Second, a tax liability owed by a UK company may be set off against an amount that HMRC owes to it with the effect that the UK company effectively funds some or all of the liability. For example, provided the amounts in question represent ‘pre-insolvency’ credits and debits, HMRC will generally have the power under FA 2008 s 130 to set off, say, a UK corporation tax liability of an insolvent company against a repayment of VAT to which the company is otherwise entitled.

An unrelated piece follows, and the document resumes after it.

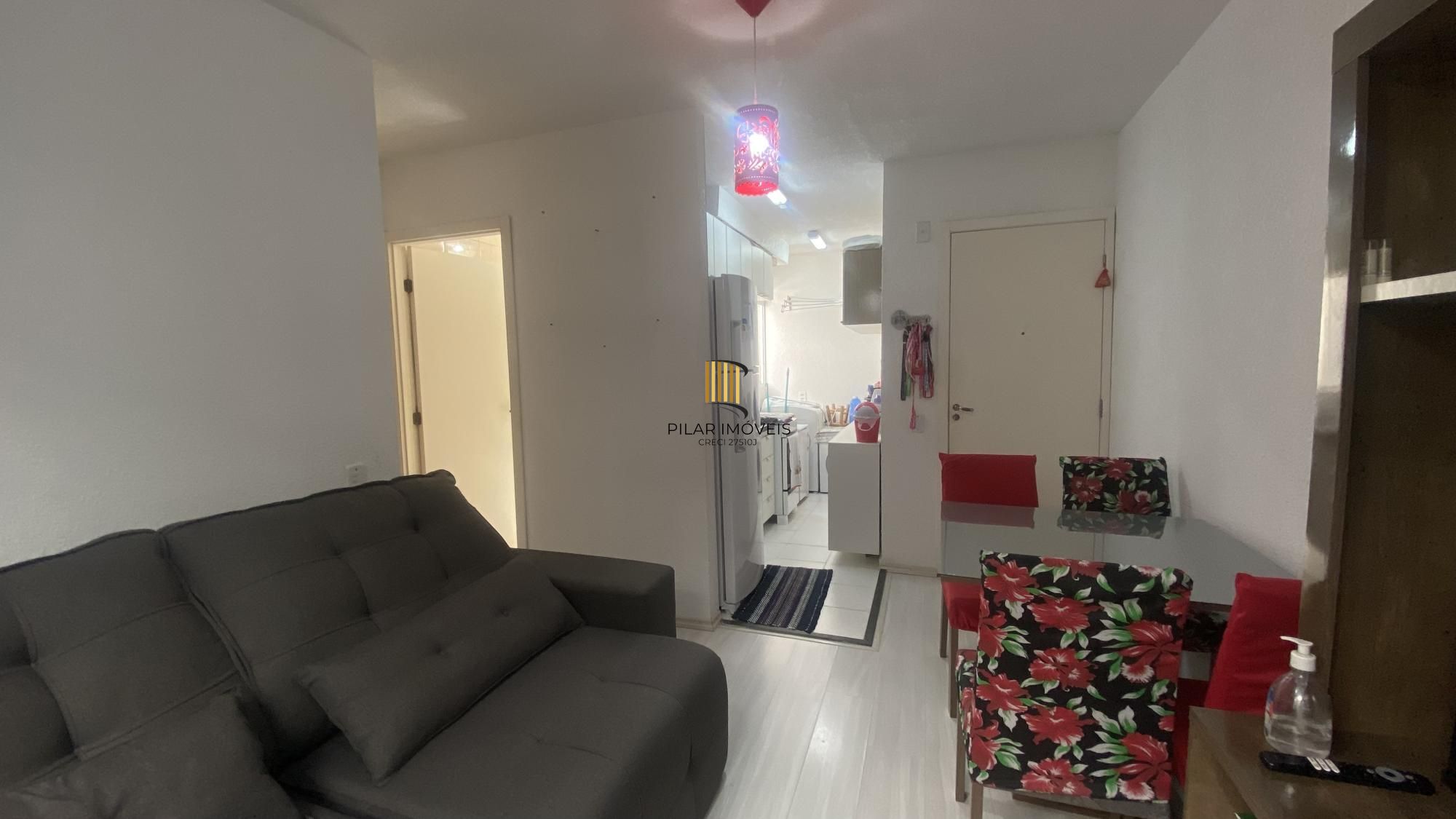 Apartamento 2 dormitórios no bairro Cavalhada - Pilar Imóveis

Finally, whilst the general position as regards pre-insolvency tax debts is as set out above, the government has proposed legislation in this year’s Finance Bill under which for relevant insolvency procedures that begin on or after 1 December 2020 HMRC would become a secondary preferential creditor in respect of a company’s pre-insolvency PAYE income tax, VAT, employee NIC and construction industry scheme deductions. The government has also proposed other legislation in that Finance Bill under which directors and others could be made jointly and severally liable for the pre-insolvency tax debts of their company in certain cases of insolvency-related tax abuse (e.g. phoenixism).


As this article has hopefully demonstrated, restructuring transactions can generate numerous tax issues both in the UK and, where relevant, in overseas jurisdictions. The key, as always, is to obtain tax advice at an early stage of the proceedings and to implement that advice carefully thereafter.